Karınca bizim hayatımızda 'küçüklüğün' simgesidir. Alçak gönüllülüğü anlatmak için 'karınca kararınca' deriz mesela. Meğer ne 'büyük' hayvanlarmış.
Sanırım artık birbirimize "Bahçendeki karıncalardan nasıl kurtuluyorsun?" demeyi bırakıp, onları daha dikkatlice izleyerek bir şeyler öğrenme zamanıdır.

Facianın ardındaki sır
Discovery Channel'daki Estonya Feribotu Faciası belgeselini nihayet izleme imkanı buldum. 28 Eylül 1984'de Estonya'nın başkenti Tallin'den, İsveç'in başkenti Stokholm'e giden Estonya adlı feribot Baltık Denizi'nde alabora olarak batmış, 852 yolcu hayatını kaybetmişti. Kıyıya çok yakın bir yerde, bir buçuk saatte batan feribottan niye sadece 124 kişinin kurtulduğu sorusu ise psikoloji literatürüne 'Estonya Feribotu Sendromu' olarak geçmişti. Çünkü kurtulanlar, gemi ilk su almaya başladığında kendilerini hemen suya atanlardı. Geri kalan 852 kişi ise gemi kaptanının "Sakın panik yapmayın, dünyanın en güvenli feribotunda bulunuyorsunuz" sözüne inanıp, gemi alabora olana kadar su boşaltma işlemlerini izleyenlerdi.
Belgeselde Sovyetler Birliği dağıldıktan sonra Rus silahlarının bu feribot ile Estonya'dan İsveç'e kaçak olarak götürüldüğü iddia ediliyordu. Estonya hükümetinin bugüne kadar enkazda araştırma yapılmasını engellemesi de bu iddiaları doğrular nitelikteydi.
Şimdi sıkı durun: Araştırmacıların yolu Türkiye'ye düştü. O dönem Karl Övberg ismini kullanan Kadir Kaymaz, eski Rus silahları üzerinden ticaret yapan biriydi ve gemiye binerken o teçhizatı teşhis etmiş, ifade vermişti. Kaymaz, "İfademden sonra beni aradılar ve 'Sakın Estonya'ya gelme' diye tehdit ettiler. Bu muhtemelen gemideki gözlemlerim içindi" dedi.
Estonya enkazına dalış yasağı halen sürüyor. Belli ki gizlenmesi gereken uluslararası bir suç var. Neyse ki gerçeklerin bir gün su üstüne çıkmak gibi bir huyu vardır. Bekleyelim....
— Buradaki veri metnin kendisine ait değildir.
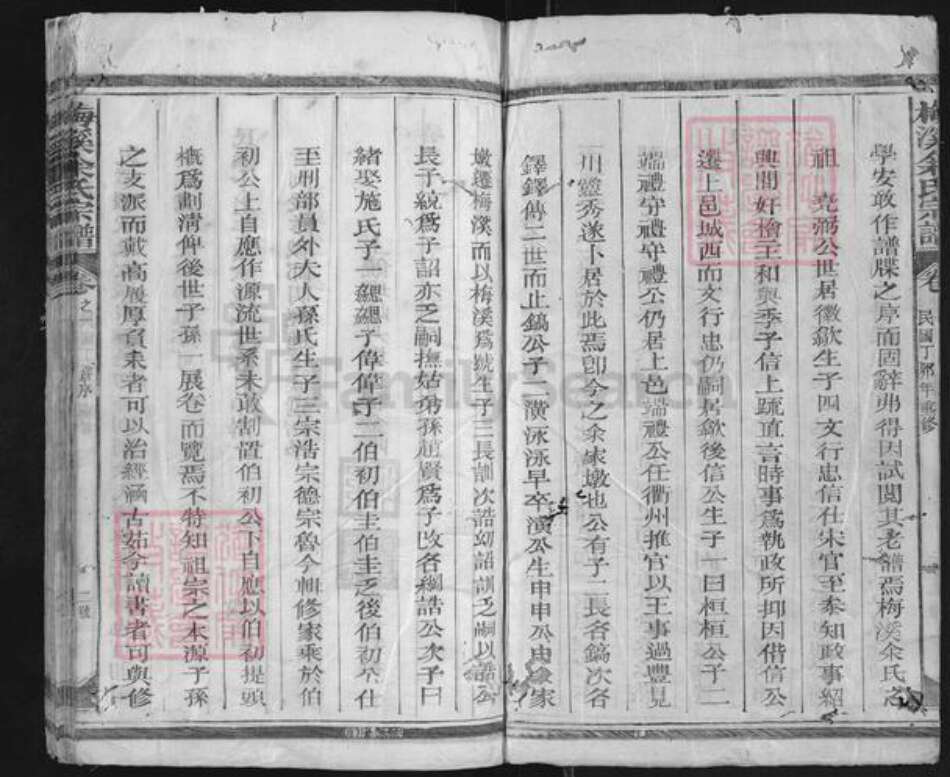 江西省上饶市德兴市张村乡余氏族谱-梅溪余氏宗谱.pdf电子版预览图2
Z Kuşağı "Nihat Hatipoğlu" dedi
MediaCat ve Ipsos araştırma şirketlerinin anketinde Z Kuşağı olarak adlandırılan genç kesimin ekranda en güvendiği isimler arasında Atv'deki programlarıyla tanıdığımız Prof. Dr. Nihat Hatipoğlu zirvede yer aldı.
Peki ya birçoklarının sorumsuz, gamsız, hatta ateist ve deist diye suçladığı (Bu büyük bir iftira ve algı operasyonudur) gençlerin, ekranda gördükleri bir ilahiyat profesörüne bu denli güven duymasının sebebi ne? Cevabı bana göre çok açık: Nihat Hocamız çok sade ve net anlatıyor. Bazıları gibi dini ve ahlaki konuları kendi hayat görüşüne göre, bağnazca eğip bükmüyor. Sürekli gençlere, çocuklara mikrofon uzattırıyor. Dikte etmiyor, ikna ediyor. Gençlerin önder belledikleriyle ilgili beklentisi de bu değil mi zaten?
Sultanahmet Meydanı'ndaki programların yıllardır gençler ve çocuklarla dolması boşuna değilmiş meğer...

Ne demiş?
"Talim meydanında teri çok akanın, cenk meydanında kanı az akar." (Atv'nin dizisi Kuruluş Osman'dan)

Şeref kürsüsü
Taksici Metin Güler, Kazakistanlı turistin arka koltukta unuttuğu, içinde 135 bin lira bulunan çantayı bir an bile tereddüt etmeden karakola teslim ederek, taksicilerin son zamanlarda bozulan imajını düzeltti.

Zap'tiye
Ünlü iş adamı Elon Musk, attığı tweet'lerin büyük çoğunluğunu tuvaletteyken yazdığını söylemiş. Geç kaldın kardeş. Atalarımız onu yüzyıllar öncesinden söylemiş: "Türk'ün aklı ya kaçarken, ya..."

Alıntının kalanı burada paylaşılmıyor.